While both incidents had different root causes, we conducted thorough reviews of each and addressed the specific issues identified. However, out of an abundance of caution, we decided to roll back the routing layer to a previously proven and reliable configuration that had been in operation for a longer period. This rollback provides us with additional time to comprehensively evaluate the next-generation routing technology, which had been in operation for over a year without prior issues.

For a deeper technical explanation of the root causes and corrective actions taken in the September 25 and August 27 incidents, please see the appendix section to read the full technical details.

Architecture Overview

HubSpot’s infrastructure processes billions of customer requests daily, leveraging a routing system composed of load balancers that manage the flow of requests across various backend services. These load balancers are deployed as Kubernetes pods, and serve to ensure efficient traffic distribution and redundancy to support large scale operations.

In this incident, an issue with how the traffic-handling pods were distributed across Kubernetes nodes caused multiple pods to fail their readiness checks simultaneously. This led to automatic shutdowns of affected pods. The remaining pods became overwhelmed, resulting in a surge of 5xx errors on our primary load balancer. This behavior resembled a thundering herd problem, where simultaneous failures led to increased load on the remaining healthy pods, compounding overall system strain.

What Happened

On September 23, we identified an issue with the distribution of traffic-handling pods across Kubernetes nodes. This imbalance in pod distribution risked overloading certain nodes, making the system vulnerable. A fix was implemented on September 24 to resolve this issue. However, the fix did not take effect due to a deployment issue. This left the system exposed to failure under specific traffic patterns.

When a surge in traffic occurred on the morning of September 25, the previously known pod distribution issue triggered a cascade of failures. Readiness probes for multiple pods began to fail simultaneously, causing Kubernetes to remove these pods from service. This overwhelmed the remaining pods with an influx of traffic, resulting in two waves of degraded performance and 5xx errors.

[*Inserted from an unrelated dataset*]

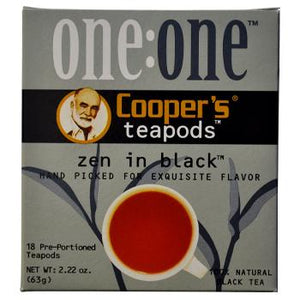 Coopers Teapods Zen In Black Coffee Pods 18ct Back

Although we had been actively addressing this issue, the fix could not be applied in time to prevent the system from entering a vulnerable state during the traffic spike.

Timeline of Events (all times in EDT) 

• September 23: An issue was identified with pod distribution across Kubernetes nodes, and a fix was initiated.
• September 24, 5:55 PM: A deployment intended to correct the issue was completed. However, an issue prevented the fix from taking effect, leaving the system vulnerable.
• September 25, 4:20 AM: A small wave of pods on a Kubernetes node failed their readiness checks, but it did not cause significant customer impact.
• September 25, 5:35 AM: A significant number of pods on the same node failed their readiness checks, triggering the first major impact.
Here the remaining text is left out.